High Court

High Court dismisses Zimbabwe return bid: access rights not “rights of custody” under Hague Convention

The High Court has refused a father’s application for the return of his 11‑year‑old son to Zimbabwe, holding that his court‑ordered contact amounted to access rather than rights of custody and so the removal was not “wrongful” for Hague Convention purposes. 

F v L & Ors EWHC 2190 (Fam) concerned T, born in 2014. The parents met in 2013 in Zimbabwe, separated in 2017, and a Zimbabwean magistrates’ court awarded the mother custody with defined contact to the father in January 2022. In August 2022 the mother re‑registered T’s details, and in October 2022 removed him to England to live with her sister and brother‑in‑law without notifying the father. The father learned of the move only in 2024 after receiving a voice note in which T spoke with an English accent, traced the maternal family address in November 2024, travelled to the UK in February 2025, saw T, and then issued a Hague return application in April 2025. Directions hearings followed in May and June; the substantive hearing was on 10–11 July 2025 and judgment was handed down on 20 August 2025.

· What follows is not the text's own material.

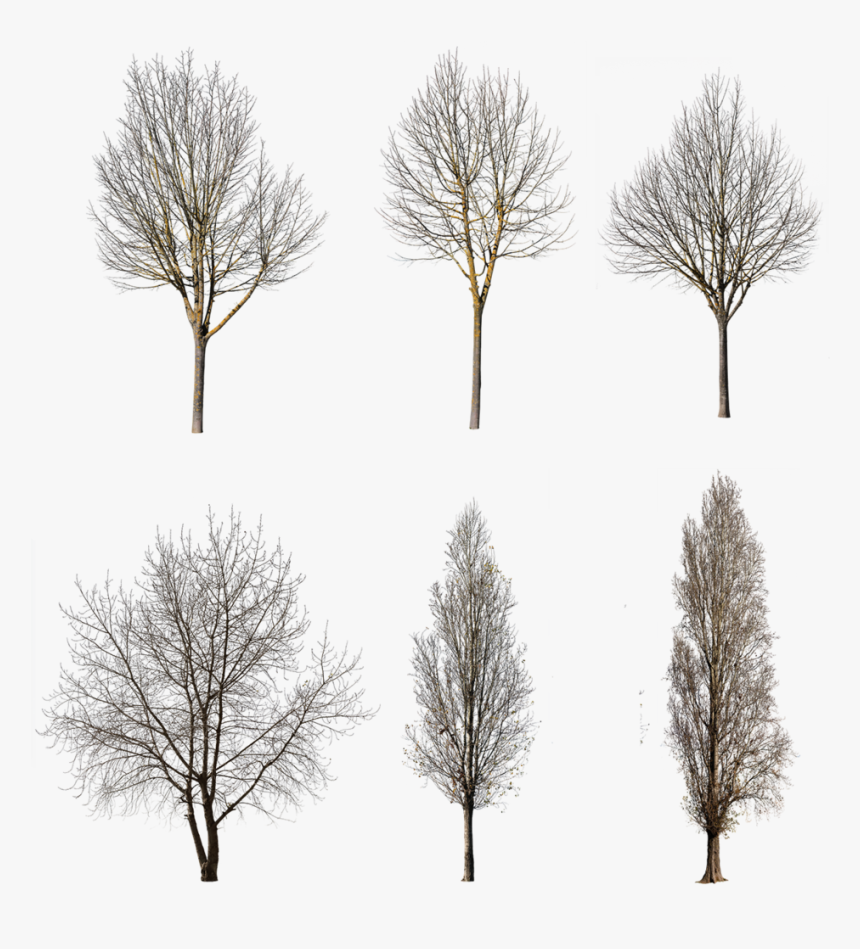 Tree Winter Cutout Free, HD Png Download, Free Download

Sitting as a Deputy High Court Judge, Vikram Sachdeva KC found under Zimbabwean common law a custodial parent may relocate abroad unless a court order expressly restricts removal; an access‑only parent has no veto or right to consultation. The judge cited Makuni v Makuni and distinguished Kumalo v Kumalo and Peacock v Steyn, concluding that the father’s rights did not include a power to prevent T leaving Zimbabwe.

Applying the Convention’s autonomous concepts, the court held that the father’s rights were not “rights of custody” within Articles 3 and 5; following Hunter v Murrow [2005] EWCA Civ 976 and Re D (Abduction: Rights of Custody) [2006] UKHL 51, the absence of a removal veto was decisive. ‘I do not construe the father’s rights as extending to a power of veto…” and “the rights enjoyed by the father do not constitute ‘rights of custody’,’ the judge said. Accordingly, the application failed at the threshold.

Addressing the mother’s defences on settlement, despite significant concealment—including identity changes and years without paternal contact—the judge found T well‑settled physically and psychologically in England, integrated at school and in the community, taking a holistic approach consistent with Re N (1991) and Cannon v Cannon [2004] EWCA Civ 1330, and echoing guidance recently distilled in Re G & B (Ukraine) [2025] EWHC 795 (Fam).

The case considered acquiescence and grave risk and on the assumption of settlement, the judge would decline discretion to order return, noting that in settlement cases the Convention’s ‘hot pursuit’ objective cannot be met and that T’s integration, the resumed, although fragile, paternal relationship, and uncertainty over the mother’s involvement on return militated against a summary order.

An ad hoc bid for return under the inherent jurisdiction was refused and the case was dismissed.